CTDB aborts if the following sequence of events happen. - CTDB gets REQ_DMASTER packet (gen1) This packet processing gets deferred to get a record lock - CTDB goes into recovery, marks RECOVERY_ACTIVE CTDB recovery helper updates vnnmap (gen2) - CTDB processes REQ_DMASTER packet (gen1) The check against database generation (gen1) succeeds. The check for lmaster is now invalid because VNNMAP has changed. This will cause CTDB to abort due to protocol error.

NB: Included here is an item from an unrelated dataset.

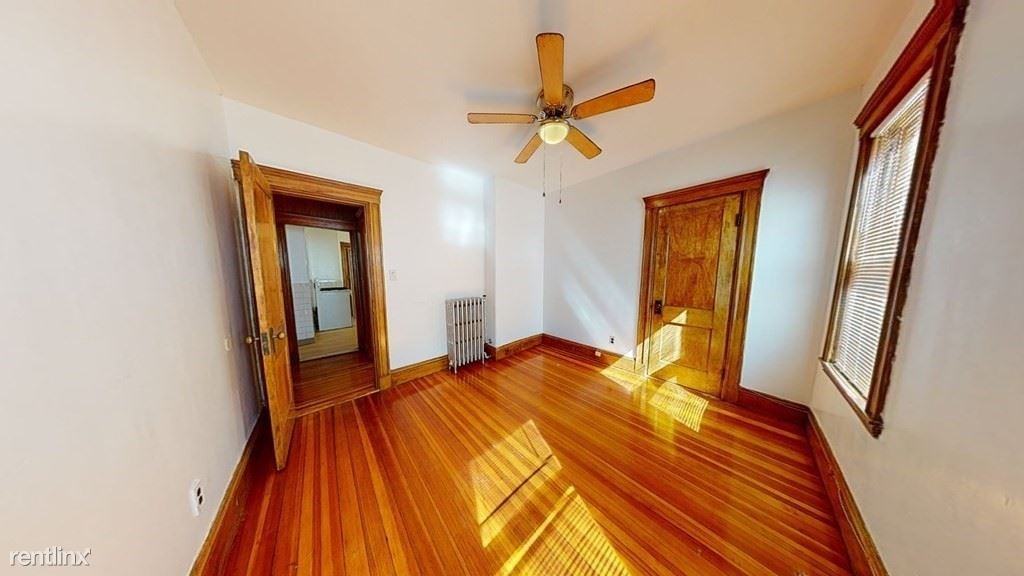 42 Evelyn St #3 - Photo 3 of 27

Created attachment 11817 [details] Patch for v4-4 branch
Hi Karolin, This one is for v4-4 branch.
Pushed to autobuild-v4-4-test. Please note: Applying: Revert "ctdb-daemon: Check packet generation against database generation" /data/git/samba/v4-4-test/.git/rebase-apply/patch:121: trailing whitespace. /data/git/samba/v4-4-test/.git/rebase-apply/patch:147: trailing whitespace. " generation id is:%u\n", /data/git/samba/v4-4-test/.git/rebase-apply/patch:149: trailing whitespace. hdr->length, /data/git/samba/v4-4-test/.git/rebase-apply/patch:150: trailing whitespace. hdr->srcnode, hdr->destnode, warning: 4 lines add whitespace errors.
Pushed to v4-4-test. Closing out bug report. Thanks!